┌─ AVAILABLE DATA

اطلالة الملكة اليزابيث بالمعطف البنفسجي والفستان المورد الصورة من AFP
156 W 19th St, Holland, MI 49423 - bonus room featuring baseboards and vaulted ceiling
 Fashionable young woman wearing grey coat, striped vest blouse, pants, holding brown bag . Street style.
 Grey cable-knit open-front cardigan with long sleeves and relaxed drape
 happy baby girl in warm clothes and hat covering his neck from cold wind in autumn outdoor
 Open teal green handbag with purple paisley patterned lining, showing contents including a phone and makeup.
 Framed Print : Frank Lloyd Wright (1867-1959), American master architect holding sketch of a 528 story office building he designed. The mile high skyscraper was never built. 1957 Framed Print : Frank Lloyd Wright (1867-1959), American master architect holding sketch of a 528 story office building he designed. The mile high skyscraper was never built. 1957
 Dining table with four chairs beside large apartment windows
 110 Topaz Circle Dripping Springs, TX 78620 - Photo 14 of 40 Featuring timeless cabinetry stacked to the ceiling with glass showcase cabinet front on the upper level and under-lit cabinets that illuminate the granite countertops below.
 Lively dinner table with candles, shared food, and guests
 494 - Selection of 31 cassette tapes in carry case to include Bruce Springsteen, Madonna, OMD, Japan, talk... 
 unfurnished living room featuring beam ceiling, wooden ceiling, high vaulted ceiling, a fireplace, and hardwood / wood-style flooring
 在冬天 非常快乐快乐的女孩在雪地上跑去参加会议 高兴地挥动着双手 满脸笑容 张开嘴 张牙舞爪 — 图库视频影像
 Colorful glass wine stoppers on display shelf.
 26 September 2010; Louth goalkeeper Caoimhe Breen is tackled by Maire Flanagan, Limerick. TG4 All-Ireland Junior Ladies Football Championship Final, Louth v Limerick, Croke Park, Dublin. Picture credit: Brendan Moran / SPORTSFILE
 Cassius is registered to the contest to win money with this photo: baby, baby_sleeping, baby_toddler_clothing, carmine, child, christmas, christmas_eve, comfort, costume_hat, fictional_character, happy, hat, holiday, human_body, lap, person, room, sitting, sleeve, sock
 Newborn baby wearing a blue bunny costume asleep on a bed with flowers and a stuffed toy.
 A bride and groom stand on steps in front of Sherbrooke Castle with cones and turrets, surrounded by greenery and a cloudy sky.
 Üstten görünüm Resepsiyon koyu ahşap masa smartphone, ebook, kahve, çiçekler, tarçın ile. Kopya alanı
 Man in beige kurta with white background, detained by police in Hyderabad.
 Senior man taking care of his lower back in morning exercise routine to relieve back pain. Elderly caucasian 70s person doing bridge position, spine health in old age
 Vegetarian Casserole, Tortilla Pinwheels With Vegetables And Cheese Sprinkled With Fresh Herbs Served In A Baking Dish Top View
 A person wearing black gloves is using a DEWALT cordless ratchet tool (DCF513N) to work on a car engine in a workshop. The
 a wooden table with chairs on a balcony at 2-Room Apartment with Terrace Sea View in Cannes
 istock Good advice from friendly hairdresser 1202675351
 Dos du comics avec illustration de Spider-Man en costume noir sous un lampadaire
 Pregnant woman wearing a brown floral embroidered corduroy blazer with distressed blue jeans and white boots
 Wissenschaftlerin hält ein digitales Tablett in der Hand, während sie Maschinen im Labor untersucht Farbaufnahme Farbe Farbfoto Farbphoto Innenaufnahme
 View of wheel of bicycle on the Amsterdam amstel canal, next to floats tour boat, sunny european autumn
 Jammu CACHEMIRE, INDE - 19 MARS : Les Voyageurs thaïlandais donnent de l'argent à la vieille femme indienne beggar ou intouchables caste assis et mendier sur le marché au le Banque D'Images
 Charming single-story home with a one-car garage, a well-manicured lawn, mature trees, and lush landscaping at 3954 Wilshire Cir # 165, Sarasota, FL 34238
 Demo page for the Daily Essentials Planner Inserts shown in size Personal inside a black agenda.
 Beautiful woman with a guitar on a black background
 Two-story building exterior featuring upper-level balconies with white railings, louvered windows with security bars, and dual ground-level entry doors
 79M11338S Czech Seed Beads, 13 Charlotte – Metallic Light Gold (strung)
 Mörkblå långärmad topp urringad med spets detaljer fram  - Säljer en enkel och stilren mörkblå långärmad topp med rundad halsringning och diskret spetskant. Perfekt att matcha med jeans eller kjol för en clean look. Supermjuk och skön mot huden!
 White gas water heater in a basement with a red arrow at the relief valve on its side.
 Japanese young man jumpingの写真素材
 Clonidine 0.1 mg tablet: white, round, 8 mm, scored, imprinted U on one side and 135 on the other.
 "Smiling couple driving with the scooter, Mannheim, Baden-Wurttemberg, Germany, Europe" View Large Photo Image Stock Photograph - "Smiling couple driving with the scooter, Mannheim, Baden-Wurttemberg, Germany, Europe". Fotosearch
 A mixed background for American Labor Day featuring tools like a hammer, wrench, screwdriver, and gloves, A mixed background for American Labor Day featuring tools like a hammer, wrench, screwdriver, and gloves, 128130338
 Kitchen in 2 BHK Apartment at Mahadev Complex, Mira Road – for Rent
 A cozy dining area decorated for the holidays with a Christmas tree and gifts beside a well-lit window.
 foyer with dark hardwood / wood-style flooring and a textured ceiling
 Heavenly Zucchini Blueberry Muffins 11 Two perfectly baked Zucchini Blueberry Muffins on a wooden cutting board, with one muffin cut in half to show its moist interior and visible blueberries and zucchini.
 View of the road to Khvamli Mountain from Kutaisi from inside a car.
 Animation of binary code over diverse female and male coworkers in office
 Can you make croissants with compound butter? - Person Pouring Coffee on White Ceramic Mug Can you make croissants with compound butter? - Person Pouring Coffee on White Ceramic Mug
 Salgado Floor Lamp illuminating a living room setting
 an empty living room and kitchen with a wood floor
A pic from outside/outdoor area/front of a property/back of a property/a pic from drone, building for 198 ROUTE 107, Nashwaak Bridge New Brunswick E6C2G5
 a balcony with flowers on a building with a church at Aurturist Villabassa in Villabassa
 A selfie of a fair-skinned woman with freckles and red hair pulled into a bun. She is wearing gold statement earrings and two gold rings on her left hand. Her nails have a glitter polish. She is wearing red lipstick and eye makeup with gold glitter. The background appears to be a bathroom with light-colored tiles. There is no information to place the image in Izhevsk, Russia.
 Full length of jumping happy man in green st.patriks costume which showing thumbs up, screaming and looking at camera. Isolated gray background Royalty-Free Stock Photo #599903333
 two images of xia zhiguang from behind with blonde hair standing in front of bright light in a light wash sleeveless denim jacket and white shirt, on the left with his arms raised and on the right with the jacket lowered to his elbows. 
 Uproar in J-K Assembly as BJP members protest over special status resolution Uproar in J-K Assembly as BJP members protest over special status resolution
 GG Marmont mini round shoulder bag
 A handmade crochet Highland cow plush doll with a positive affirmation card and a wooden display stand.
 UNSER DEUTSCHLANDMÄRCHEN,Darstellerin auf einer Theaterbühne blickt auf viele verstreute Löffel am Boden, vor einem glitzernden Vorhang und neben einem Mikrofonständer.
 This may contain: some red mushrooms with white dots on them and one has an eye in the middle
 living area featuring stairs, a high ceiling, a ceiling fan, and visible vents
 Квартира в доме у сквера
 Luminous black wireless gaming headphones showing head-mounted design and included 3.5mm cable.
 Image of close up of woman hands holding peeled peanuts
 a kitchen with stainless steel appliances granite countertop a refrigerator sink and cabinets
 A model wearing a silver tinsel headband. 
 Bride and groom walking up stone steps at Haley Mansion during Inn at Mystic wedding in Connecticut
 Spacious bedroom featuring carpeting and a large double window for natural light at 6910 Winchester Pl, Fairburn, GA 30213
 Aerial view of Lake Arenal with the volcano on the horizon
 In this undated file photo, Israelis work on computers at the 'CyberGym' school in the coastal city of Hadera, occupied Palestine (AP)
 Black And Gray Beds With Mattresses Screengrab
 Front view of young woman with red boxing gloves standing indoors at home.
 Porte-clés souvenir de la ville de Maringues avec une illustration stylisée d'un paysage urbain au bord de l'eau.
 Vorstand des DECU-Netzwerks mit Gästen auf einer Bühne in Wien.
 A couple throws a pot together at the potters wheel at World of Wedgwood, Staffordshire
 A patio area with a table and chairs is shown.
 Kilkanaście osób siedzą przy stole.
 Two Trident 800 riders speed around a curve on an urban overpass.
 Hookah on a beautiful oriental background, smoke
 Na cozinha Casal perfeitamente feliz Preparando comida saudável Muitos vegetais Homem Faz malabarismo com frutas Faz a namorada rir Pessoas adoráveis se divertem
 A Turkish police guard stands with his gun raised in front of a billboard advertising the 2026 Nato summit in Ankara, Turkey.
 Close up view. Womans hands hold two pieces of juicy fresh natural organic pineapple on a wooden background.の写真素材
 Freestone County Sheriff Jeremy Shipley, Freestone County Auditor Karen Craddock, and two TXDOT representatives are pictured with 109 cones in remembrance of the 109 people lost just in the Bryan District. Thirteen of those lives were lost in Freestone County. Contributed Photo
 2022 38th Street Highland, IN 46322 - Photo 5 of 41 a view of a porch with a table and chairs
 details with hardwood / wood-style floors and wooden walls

└─

* _WHAT YOU ARE ASKED TO DO_
With the first line being the one containing "Ceramic Mug Can" and the last line the one containing "a balcony with", transcribe exactly the lines above that fall in that range.

* _ANSWER FOR THIS EXERCISE_
 Can you make croissants with compound butter? - Person Pouring Coffee on White Ceramic Mug Can you make croissants with compound butter? - Person Pouring Coffee on White Ceramic Mug
 Salgado Floor Lamp illuminating a living room setting
 an empty living room and kitchen with a wood floor
A pic from outside/outdoor area/front of a property/back of a property/a pic from drone, building for 198 ROUTE 107, Nashwaak Bridge New Brunswick E6C2G5
 a balcony with flowers on a building with a church at Aurturist Villabassa in Villabassa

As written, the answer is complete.